-------- INPUT --------

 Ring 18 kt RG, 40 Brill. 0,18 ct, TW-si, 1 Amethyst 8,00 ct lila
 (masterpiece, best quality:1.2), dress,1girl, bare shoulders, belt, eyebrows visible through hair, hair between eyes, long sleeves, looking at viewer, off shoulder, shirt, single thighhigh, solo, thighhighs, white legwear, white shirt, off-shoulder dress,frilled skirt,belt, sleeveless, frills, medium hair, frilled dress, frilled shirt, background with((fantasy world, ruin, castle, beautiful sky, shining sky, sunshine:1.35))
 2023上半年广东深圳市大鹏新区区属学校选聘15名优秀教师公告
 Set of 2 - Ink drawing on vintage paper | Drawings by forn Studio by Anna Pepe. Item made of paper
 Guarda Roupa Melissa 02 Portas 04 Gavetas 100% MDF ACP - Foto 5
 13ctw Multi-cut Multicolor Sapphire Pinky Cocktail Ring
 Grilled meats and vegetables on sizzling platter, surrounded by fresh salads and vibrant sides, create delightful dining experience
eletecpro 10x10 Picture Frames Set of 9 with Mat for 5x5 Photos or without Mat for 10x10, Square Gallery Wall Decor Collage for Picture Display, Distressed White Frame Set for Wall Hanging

--------

TASK GOAL — Nothing in the records may be left out; transcribe all of them exactly.

RESULT —
 Ring 18 kt RG, 40 Brill. 0,18 ct, TW-si, 1 Amethyst 8,00 ct lila
 (masterpiece, best quality:1.2), dress,1girl, bare shoulders, belt, eyebrows visible through hair, hair between eyes, long sleeves, looking at viewer, off shoulder, shirt, single thighhigh, solo, thighhighs, white legwear, white shirt, off-shoulder dress,frilled skirt,belt, sleeveless, frills, medium hair, frilled dress, frilled shirt, background with((fantasy world, ruin, castle, beautiful sky, shining sky, sunshine:1.35))
 2023上半年广东深圳市大鹏新区区属学校选聘15名优秀教师公告
 Set of 2 - Ink drawing on vintage paper | Drawings by forn Studio by Anna Pepe. Item made of paper
 Guarda Roupa Melissa 02 Portas 04 Gavetas 100% MDF ACP - Foto 5
 13ctw Multi-cut Multicolor Sapphire Pinky Cocktail Ring
 Grilled meats and vegetables on sizzling platter, surrounded by fresh salads and vibrant sides, create delightful dining experience
eletecpro 10x10 Picture Frames Set of 9 with Mat for 5x5 Photos or without Mat for 10x10, Square Gallery Wall Decor Collage for Picture Display, Distressed White Frame Set for Wall Hanging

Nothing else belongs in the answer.